- _DATA BELOW_:

>>>

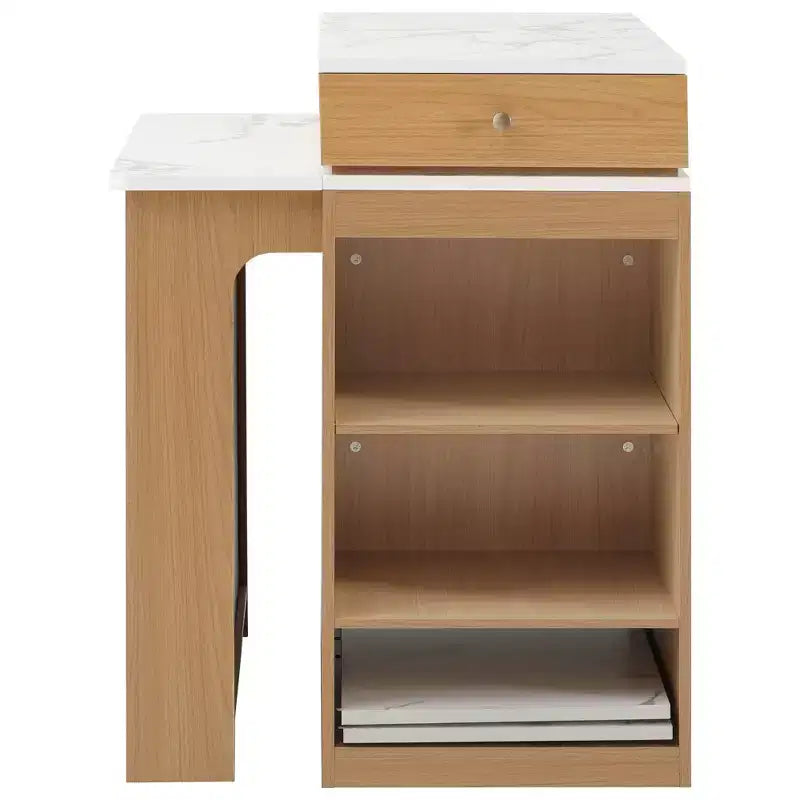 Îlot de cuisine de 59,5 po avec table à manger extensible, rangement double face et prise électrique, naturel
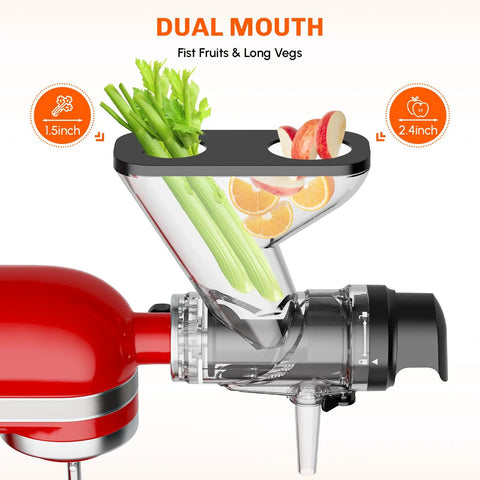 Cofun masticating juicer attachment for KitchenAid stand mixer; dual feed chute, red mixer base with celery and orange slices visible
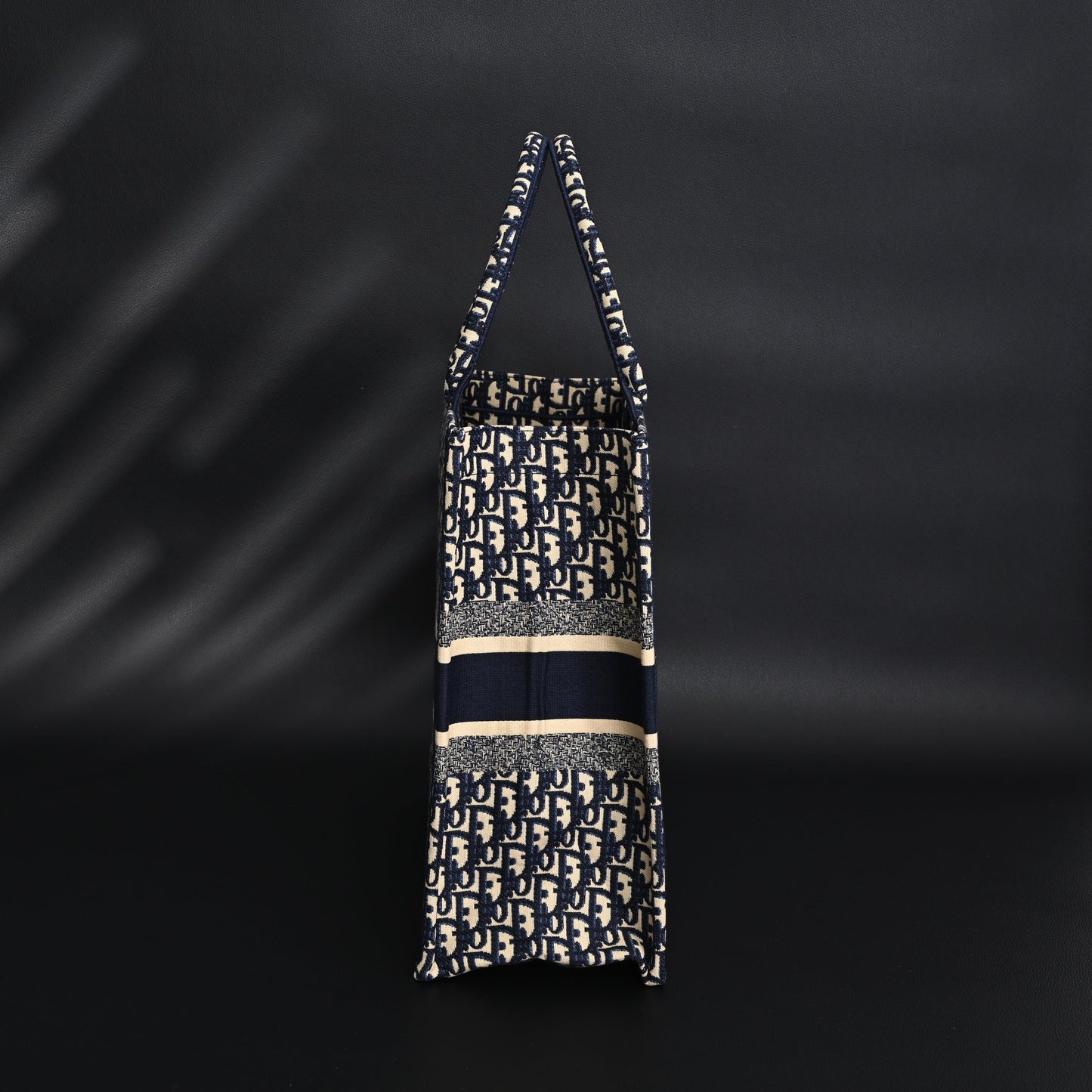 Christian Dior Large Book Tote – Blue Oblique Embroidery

<<<

- _EXERCISE AIM_: Return every line above word for word, minus images.

- _ANSWER BELOW_:
 Îlot de cuisine de 59,5 po avec table à manger extensible, rangement double face et prise électrique, naturel
 Cofun masticating juicer attachment for KitchenAid stand mixer; dual feed chute, red mixer base with celery and orange slices visible
 Christian Dior Large Book Tote – Blue Oblique Embroidery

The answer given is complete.